» Task goal
Restate the data word for word. Leave the pictures out.

» Data provided
%%
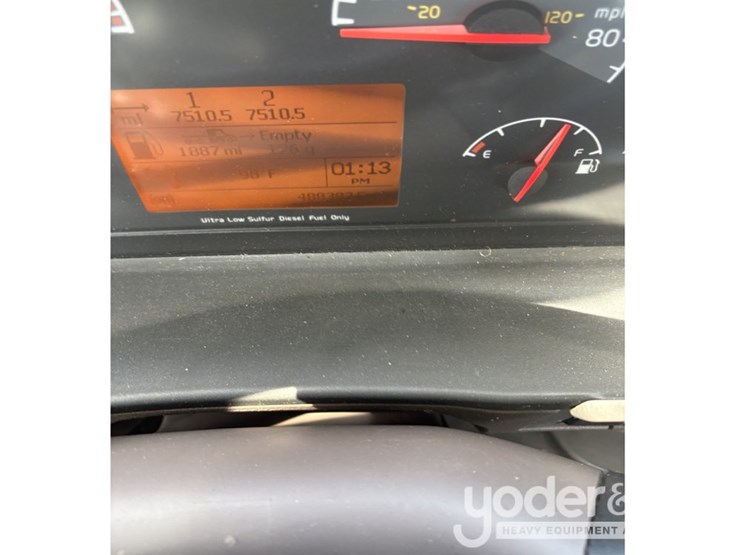 2018-volvo-10-image-5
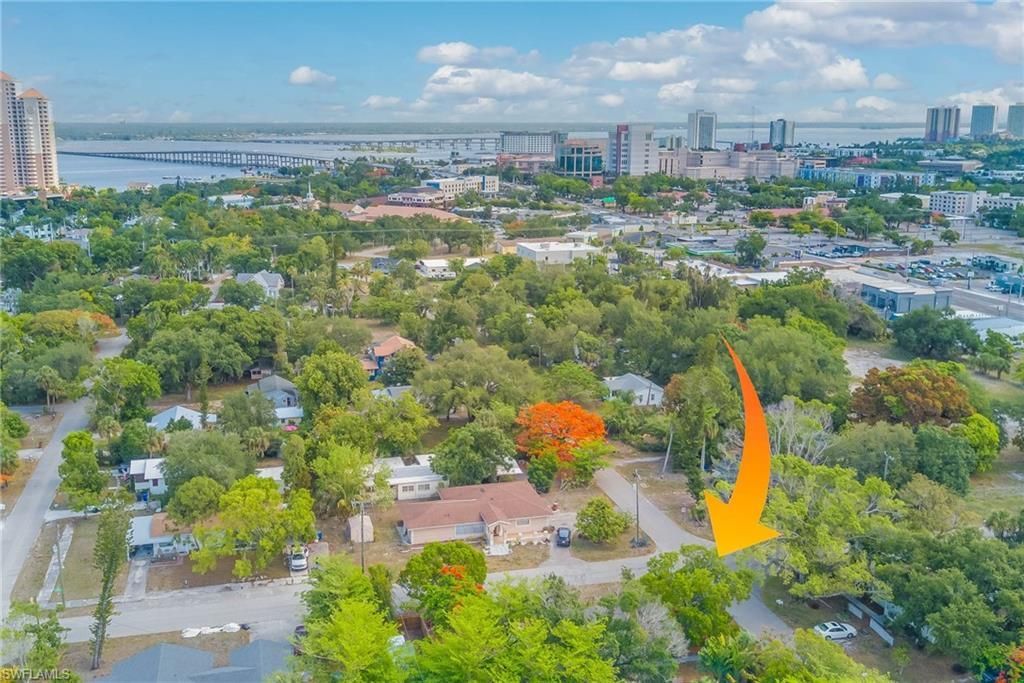 2304 Clifford St, Fort Myers, FL 33901 Photo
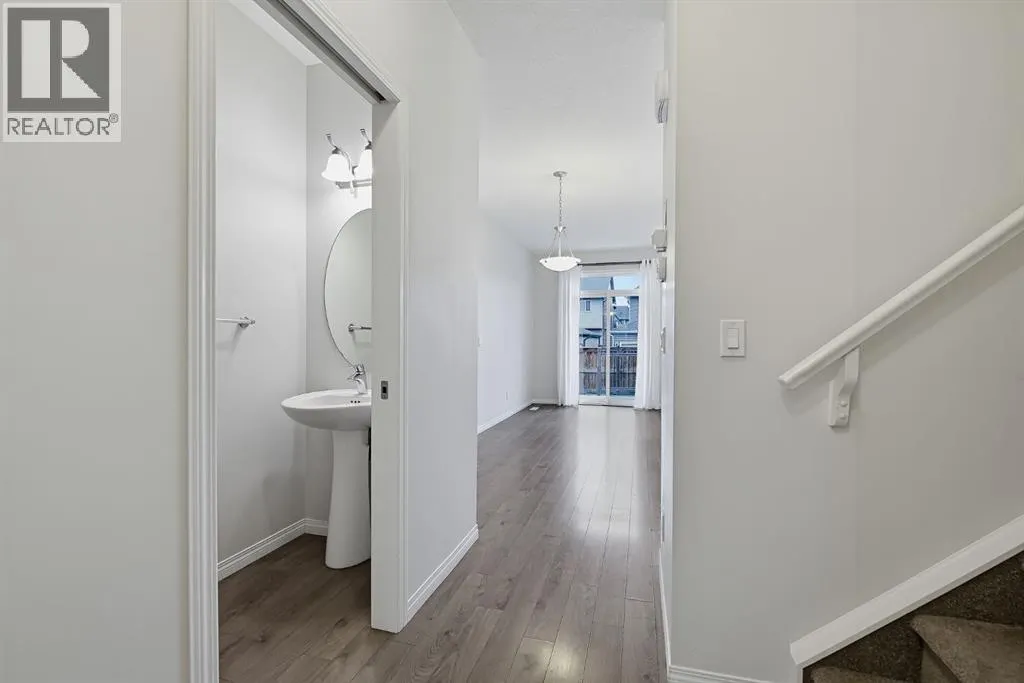 112 Legacy Glen Street SE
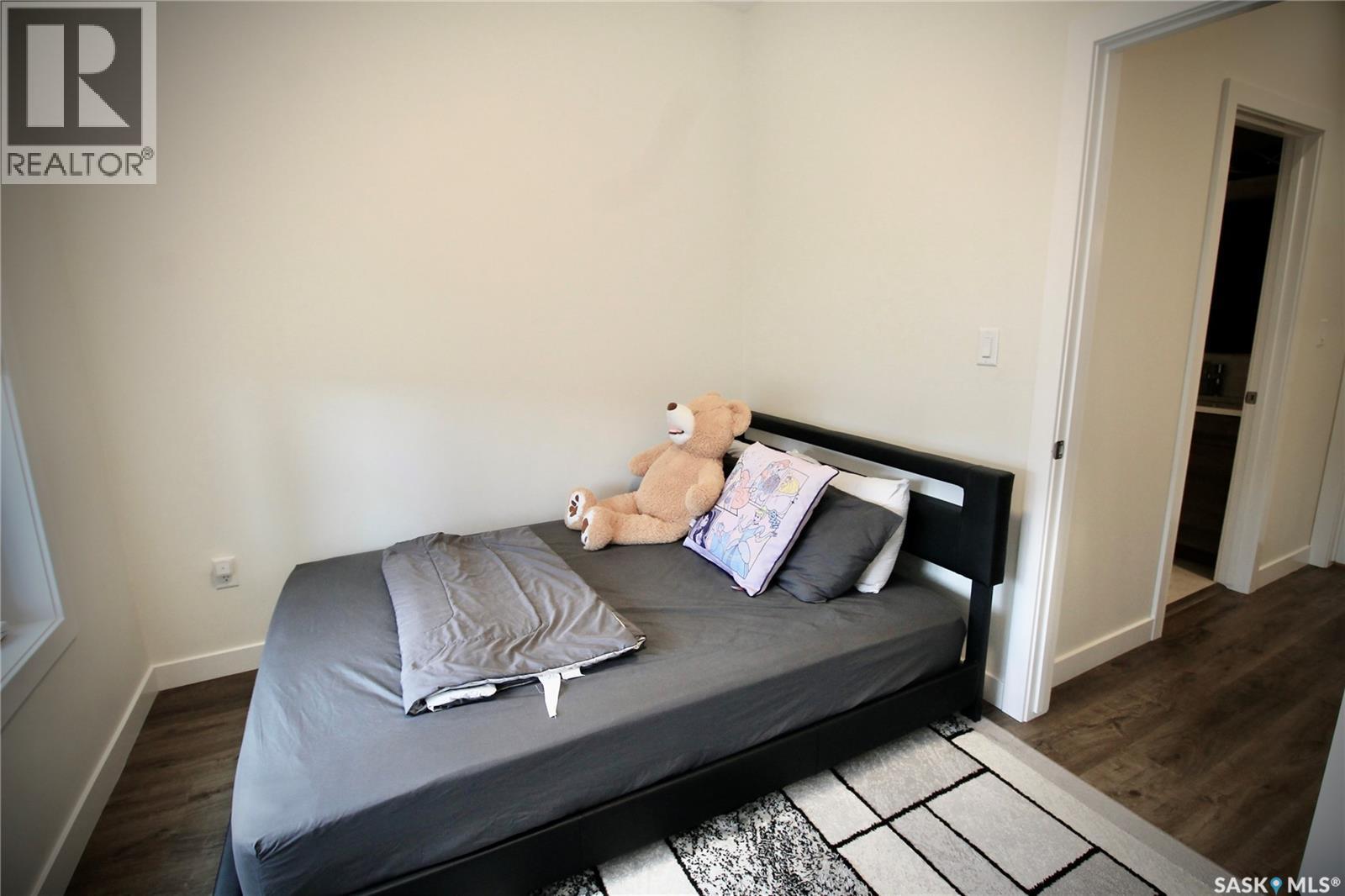 215 Thakur STREET - 17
%%
» Your solution
 2018-volvo-10-image-5
 2304 Clifford St, Fort Myers, FL 33901 Photo
 112 Legacy Glen Street SE
 215 Thakur STREET - 17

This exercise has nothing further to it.